Tag Archives: Bratislava Hot Serenaders

Edinburgh Jazz Festival 2016: Bratislava Hot Serenaders

Bratislava Hot Serenaders, Spiegeltent George Square ****
 
Following their success at last year’s Edinburgh Jazz Festival, the Bratislava Hot Serenaders returned on Tuesday evening, to a packed Spiegeltent. This 19-piece ensemble is ideally suited to the beautiful vintage venue – both musically, with the Serenaders’ repertoire of 1920s and 1930s numbers, and visually, with their period style of dress, authentic period instruments and their famous period microphone which is tilted in the direction of whoever is soloing by their obliging, Jeeves-like, crooner.
 
Tuesday’s concert had a déjà vu feeling about it, as many of the tunes had been played at last year’s show, and the same observations kept springing to mind as the Serenaders powered through a programme of 22 numbers in 90 minutes. Once more it was clear that this band has excellent hot jazz credentials, which revealed themselves immediately – on their exhilarating recreation of Duke Ellington’s Cotton Club Stomp. 
 
Indeed, as was the case the last time the Bratislava Hot Serenaders came to town, the 1920s Ellington elements of the evening were the absolute stand-outs for jazz fans – after all, chances to hear such gems as Old Man Blues and Washington Wobble played so authentically and thrillingly are few.
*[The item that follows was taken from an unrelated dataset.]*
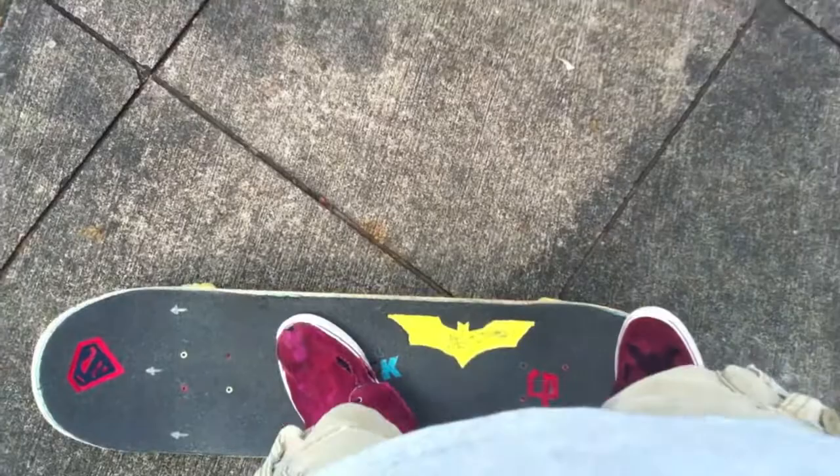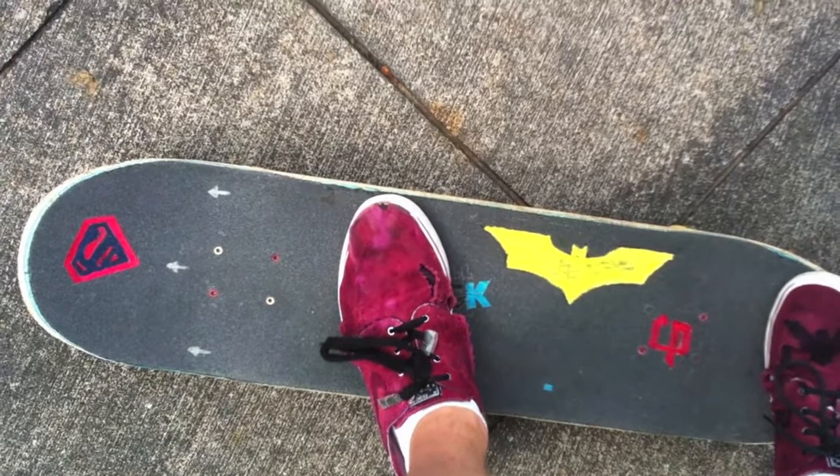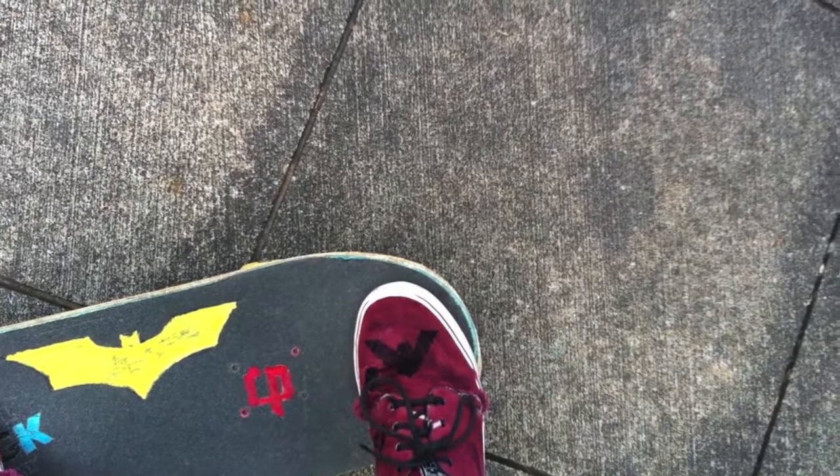Foot placement is basically what you're gonna do. Get your front foot up slightly angled around the middle of the board, maybe an inch or two behind the front bolts. Back foot is gonna be right near the tail, toe right a little above the middle of the tail.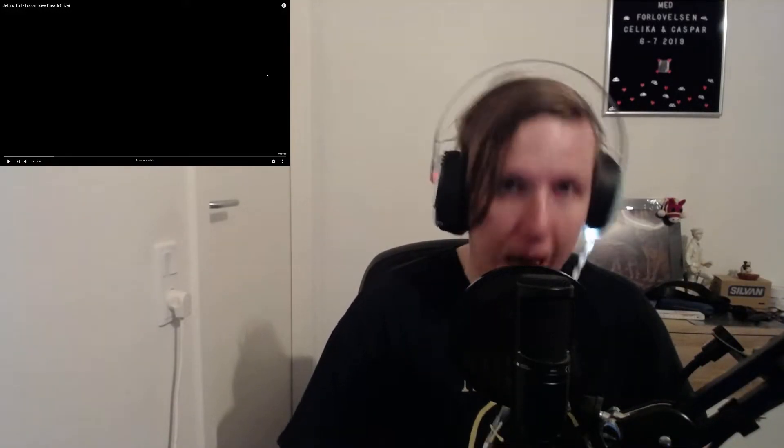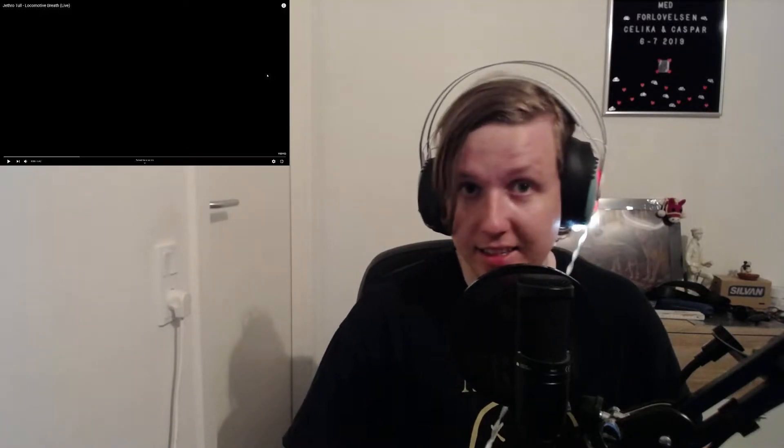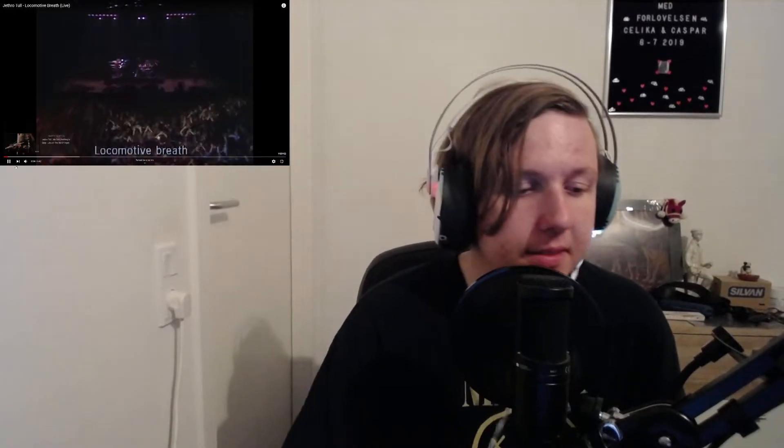What's up guys and welcome to a new video here on Cryptosetic Fame. Today I will react to Jethro Tull multi-breath live because you asked for it. I've already reacted to a live version and I really want to see more and hear Ian Anderson on flute again. Oh my god, he is very very fast — so let's go.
Wonderful takes on I Got Rhythm and Dinah were also highlights from the swinging section of the programme.
 
The bulk of the concert, however, was given over to the dance music of the day – novelty tunes, such as The Broken Record, and numbers involving the stylish vocal trio the Serenader Sisters, went down extremely well with the audience. All that was missing was a dance floor…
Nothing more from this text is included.